• [WHAT IS NEEDED]
Begin at the top of the records and copy each line exactly. The line containing "Print of Oakbourne Country Club Modern Map" is the last one to include.

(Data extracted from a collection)
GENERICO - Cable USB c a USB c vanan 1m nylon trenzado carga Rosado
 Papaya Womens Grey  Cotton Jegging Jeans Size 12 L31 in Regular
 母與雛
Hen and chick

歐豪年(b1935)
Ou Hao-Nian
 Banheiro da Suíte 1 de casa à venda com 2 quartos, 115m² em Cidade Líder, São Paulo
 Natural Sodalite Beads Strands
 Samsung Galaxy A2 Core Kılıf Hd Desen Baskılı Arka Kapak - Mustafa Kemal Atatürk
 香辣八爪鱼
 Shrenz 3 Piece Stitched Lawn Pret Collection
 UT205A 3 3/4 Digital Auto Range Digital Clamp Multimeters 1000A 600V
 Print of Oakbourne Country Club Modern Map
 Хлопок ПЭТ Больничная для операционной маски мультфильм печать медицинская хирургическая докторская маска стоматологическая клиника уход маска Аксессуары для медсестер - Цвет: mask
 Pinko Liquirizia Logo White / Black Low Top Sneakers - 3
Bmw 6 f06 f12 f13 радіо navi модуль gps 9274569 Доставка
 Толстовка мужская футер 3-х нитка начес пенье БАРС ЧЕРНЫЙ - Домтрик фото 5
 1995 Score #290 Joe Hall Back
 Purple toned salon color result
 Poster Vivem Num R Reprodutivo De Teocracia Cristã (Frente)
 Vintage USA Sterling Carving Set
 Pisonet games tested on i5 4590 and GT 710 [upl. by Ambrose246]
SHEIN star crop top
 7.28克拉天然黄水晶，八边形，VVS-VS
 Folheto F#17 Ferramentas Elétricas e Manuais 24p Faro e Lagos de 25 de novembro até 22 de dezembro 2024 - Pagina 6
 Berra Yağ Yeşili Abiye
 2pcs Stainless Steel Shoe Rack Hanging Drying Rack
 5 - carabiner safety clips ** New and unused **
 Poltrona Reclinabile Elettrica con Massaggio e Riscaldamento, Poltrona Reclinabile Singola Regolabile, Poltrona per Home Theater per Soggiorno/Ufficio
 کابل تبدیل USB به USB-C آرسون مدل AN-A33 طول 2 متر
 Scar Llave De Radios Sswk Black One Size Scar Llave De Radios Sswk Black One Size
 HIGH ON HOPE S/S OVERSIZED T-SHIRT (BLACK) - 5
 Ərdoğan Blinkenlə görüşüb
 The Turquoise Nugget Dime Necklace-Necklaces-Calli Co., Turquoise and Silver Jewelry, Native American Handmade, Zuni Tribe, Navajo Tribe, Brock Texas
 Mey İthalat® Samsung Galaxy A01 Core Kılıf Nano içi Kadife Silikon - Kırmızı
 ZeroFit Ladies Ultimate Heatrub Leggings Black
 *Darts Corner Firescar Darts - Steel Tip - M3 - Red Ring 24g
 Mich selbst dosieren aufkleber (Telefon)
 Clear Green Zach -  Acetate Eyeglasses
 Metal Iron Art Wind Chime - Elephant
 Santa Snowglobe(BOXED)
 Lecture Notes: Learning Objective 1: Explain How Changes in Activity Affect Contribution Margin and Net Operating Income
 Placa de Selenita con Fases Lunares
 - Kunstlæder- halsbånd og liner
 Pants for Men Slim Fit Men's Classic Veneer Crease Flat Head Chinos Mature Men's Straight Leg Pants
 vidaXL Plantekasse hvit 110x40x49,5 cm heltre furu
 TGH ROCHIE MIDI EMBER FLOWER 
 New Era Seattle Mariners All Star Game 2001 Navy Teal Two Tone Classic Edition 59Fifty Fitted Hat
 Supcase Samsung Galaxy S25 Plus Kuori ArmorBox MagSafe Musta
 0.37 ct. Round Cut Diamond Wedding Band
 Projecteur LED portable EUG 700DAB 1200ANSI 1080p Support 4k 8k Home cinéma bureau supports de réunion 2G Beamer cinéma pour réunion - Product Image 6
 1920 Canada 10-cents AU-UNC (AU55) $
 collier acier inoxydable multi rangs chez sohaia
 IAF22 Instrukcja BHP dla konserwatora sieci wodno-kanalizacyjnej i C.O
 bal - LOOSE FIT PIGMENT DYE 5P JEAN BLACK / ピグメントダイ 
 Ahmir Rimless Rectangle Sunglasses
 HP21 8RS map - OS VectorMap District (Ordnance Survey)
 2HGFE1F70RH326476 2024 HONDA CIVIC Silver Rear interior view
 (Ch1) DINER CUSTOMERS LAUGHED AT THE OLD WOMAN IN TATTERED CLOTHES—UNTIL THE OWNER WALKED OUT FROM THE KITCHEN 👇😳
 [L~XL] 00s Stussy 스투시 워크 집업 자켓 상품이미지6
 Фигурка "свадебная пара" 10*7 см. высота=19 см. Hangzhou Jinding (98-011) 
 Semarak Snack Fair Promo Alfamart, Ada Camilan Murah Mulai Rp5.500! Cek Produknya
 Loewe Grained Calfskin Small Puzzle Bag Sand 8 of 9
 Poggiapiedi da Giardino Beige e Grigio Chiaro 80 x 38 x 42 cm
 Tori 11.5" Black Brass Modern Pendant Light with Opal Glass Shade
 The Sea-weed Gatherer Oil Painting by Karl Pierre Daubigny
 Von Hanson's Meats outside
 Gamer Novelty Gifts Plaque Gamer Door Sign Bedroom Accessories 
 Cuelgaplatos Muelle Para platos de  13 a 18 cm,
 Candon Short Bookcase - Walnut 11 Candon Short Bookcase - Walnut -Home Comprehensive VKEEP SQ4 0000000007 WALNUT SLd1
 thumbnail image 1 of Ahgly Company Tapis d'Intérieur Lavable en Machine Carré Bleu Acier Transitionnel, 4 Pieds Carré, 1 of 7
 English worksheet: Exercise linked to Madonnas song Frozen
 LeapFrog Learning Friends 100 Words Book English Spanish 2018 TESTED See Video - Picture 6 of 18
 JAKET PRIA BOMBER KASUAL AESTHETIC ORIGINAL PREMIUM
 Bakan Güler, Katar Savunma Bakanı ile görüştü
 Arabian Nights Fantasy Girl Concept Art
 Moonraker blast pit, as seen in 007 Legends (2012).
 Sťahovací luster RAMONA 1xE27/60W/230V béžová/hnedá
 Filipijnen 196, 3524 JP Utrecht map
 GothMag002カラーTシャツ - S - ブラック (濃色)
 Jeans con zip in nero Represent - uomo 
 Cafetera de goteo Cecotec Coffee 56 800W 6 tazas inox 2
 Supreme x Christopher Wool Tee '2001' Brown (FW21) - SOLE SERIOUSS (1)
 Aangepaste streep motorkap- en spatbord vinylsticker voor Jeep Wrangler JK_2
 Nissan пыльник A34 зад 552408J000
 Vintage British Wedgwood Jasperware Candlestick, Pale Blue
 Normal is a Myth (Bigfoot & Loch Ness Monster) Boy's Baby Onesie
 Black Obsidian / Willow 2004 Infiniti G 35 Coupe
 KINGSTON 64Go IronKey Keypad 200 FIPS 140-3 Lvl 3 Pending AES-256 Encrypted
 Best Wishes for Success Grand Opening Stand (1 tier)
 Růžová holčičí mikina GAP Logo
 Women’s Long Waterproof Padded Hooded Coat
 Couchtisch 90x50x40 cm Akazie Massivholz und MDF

• [WRITTEN RESPONSE]
GENERICO - Cable USB c a USB c vanan 1m nylon trenzado carga Rosado
 Papaya Womens Grey  Cotton Jegging Jeans Size 12 L31 in Regular
 母與雛
Hen and chick

歐豪年(b1935)
Ou Hao-Nian
 Banheiro da Suíte 1 de casa à venda com 2 quartos, 115m² em Cidade Líder, São Paulo
 Natural Sodalite Beads Strands
 Samsung Galaxy A2 Core Kılıf Hd Desen Baskılı Arka Kapak - Mustafa Kemal Atatürk
 香辣八爪鱼
 Shrenz 3 Piece Stitched Lawn Pret Collection
 UT205A 3 3/4 Digital Auto Range Digital Clamp Multimeters 1000A 600V
 Print of Oakbourne Country Club Modern Map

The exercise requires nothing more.